As the crowd all rose to its feet, the fifth set was poised to produce fireworks. The Trojans struck first and were keen on not allowing Irvine to get any type of rhythm on defense. But the Anteaters pushed through as one of the big stars of the night, Brian “Gene” Simmons stepped up from off the bench and applied such a presence at the net that Irvine found themselves tied with the Trojans midway through the final set, 8-8.

Unlike the previous four sets, the fifth set is played to 15 and must be won by two points. This meant that each team only had a limited amount of room to make an error, making it imperative that each team stay within their system of attack.
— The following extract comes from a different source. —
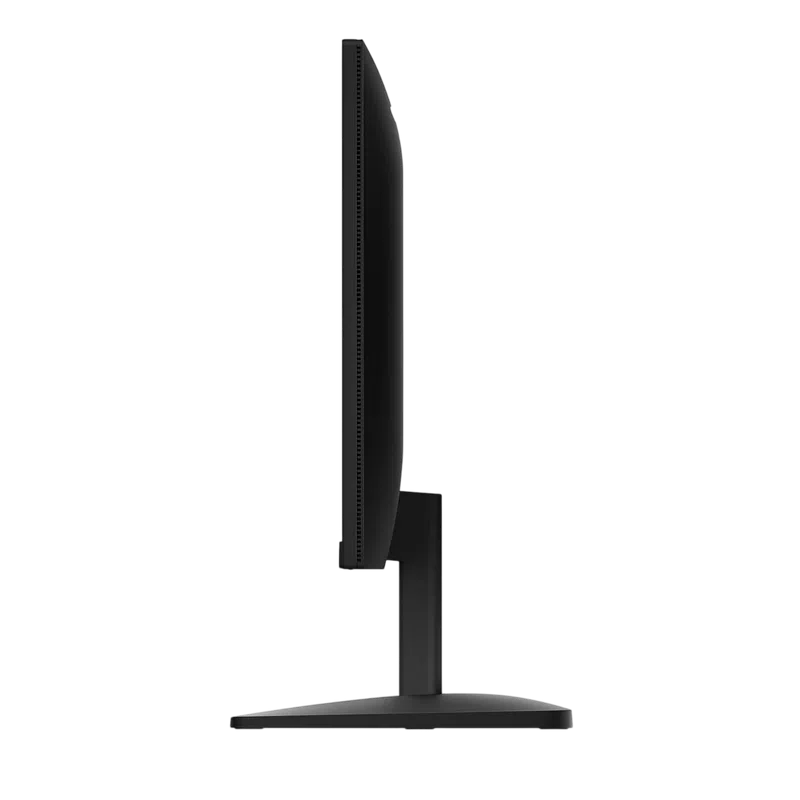 Monitor 27" Lenovo L27qe, Black 4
As the match unfolded into the last points, it became clear that there was nothing the Trojans could do to stop this Anteater team from winning.

At 11-14 in favor of the Anteaters, sophomore Jordan DuFault shot a kill in between the outstretched arms of the Trojan defense. The outstretched arms came up short. The ball landed and the Anteaters won the match, 15-11.

This was the team’s second title in three years and its third trip to the Final Four in four years.

This was also a night to remember for the five seniors that can now recall their last match in an Irvine jersey as the best win of their lives.

“To hear [Ammerman] talk about family was just a really emotional moment for me,” Speraw said. “This was a huge collective of leadership throughout the season and tonight it all came together. It was amazing to watch.”

The collective effort was clear by how much emotional impact each player had on the team, but the stats showed more of this than anything. Wilson had a team-high 21 kills, four digs and an ace. Clark finished with 15 kills, nine digs and DuFault followed him with 11 kills. Simmons had a remarkable four kills and seven block assists in just two sets of playing. But it was Ammerman that stole the show. He finished with 55 set assists, six kills, five digs and 12 block assists.

“Watching Ryan improve over the course of this season has been the single greatest amount of improvement by one player that I have seen in all my years of coaching,” Speraw said.

But the path to this championship was not at all what the team had anticipated. After its loss to USC in the MPSF semifinals, UCI received the at-large bid to go to the championships and had a rough start. The team faced a mediocre Ohio State University team and played fairly poorly. Luckily, the Anteaters’ poor playing was still enough for them to sweep the Buckeyes in that semifinal match.

The match against Ohio was more of a moment to work the kinks out before they faced a rolling USC squad in the championship match.

The rest was history.

The UCI men’s volleyball team told the New University before its first preseason match in January that they were going to win the National Title and to the delight of the Irvine faithful that made the drive or flight out to Utah, it did.